Input for this task:
+---+
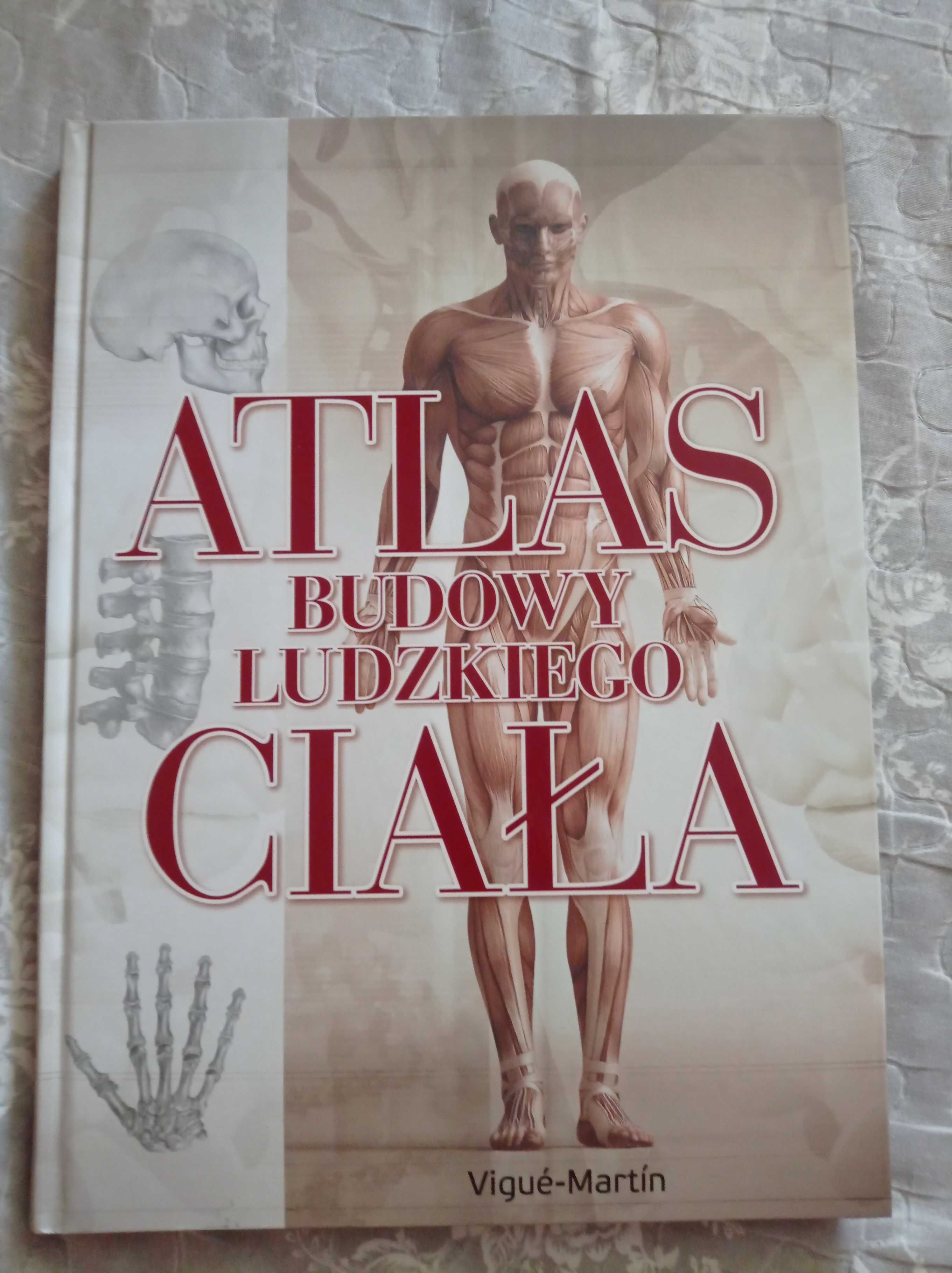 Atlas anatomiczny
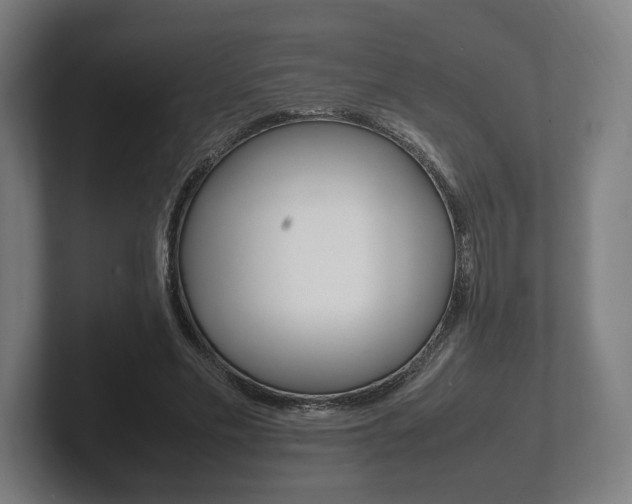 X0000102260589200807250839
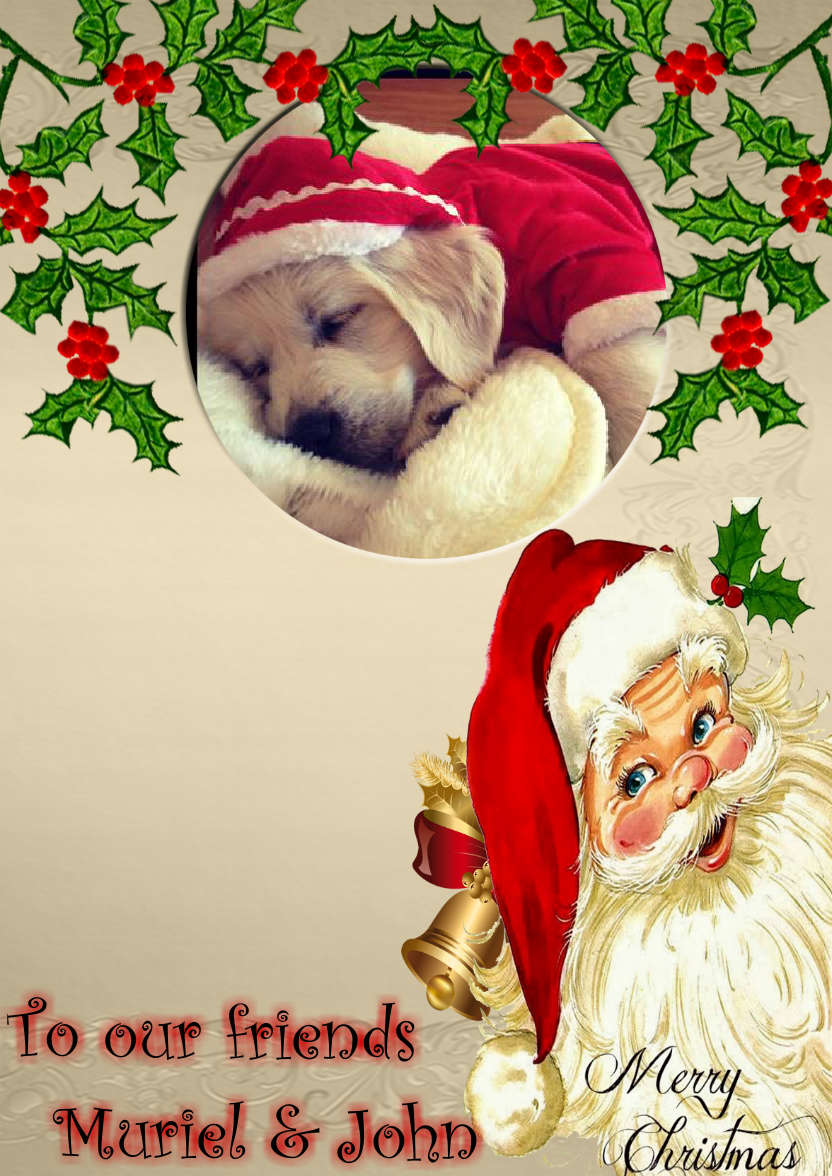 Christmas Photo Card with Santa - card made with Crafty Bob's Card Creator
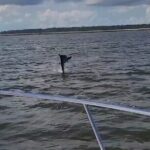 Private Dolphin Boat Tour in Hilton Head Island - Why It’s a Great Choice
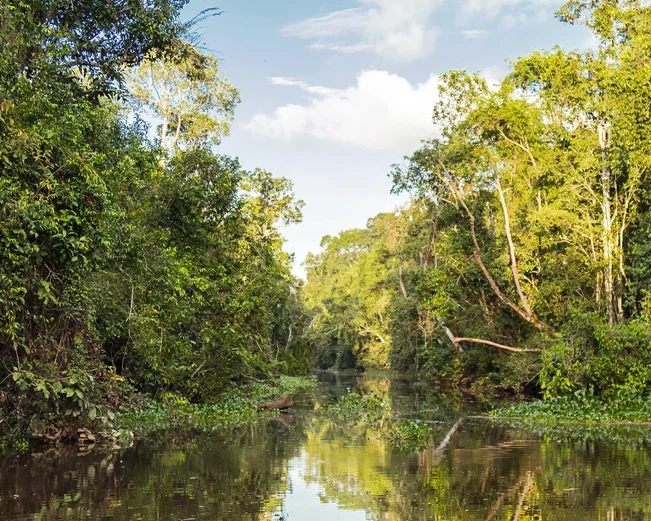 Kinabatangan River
+---+
What is being asked: Leave the pictures out and output the rest of the data word for word.

Exercise solution:
 Atlas anatomiczny
 X0000102260589200807250839
 Christmas Photo Card with Santa - card made with Crafty Bob's Card Creator
 Private Dolphin Boat Tour in Hilton Head Island - Why It’s a Great Choice
 Kinabatangan River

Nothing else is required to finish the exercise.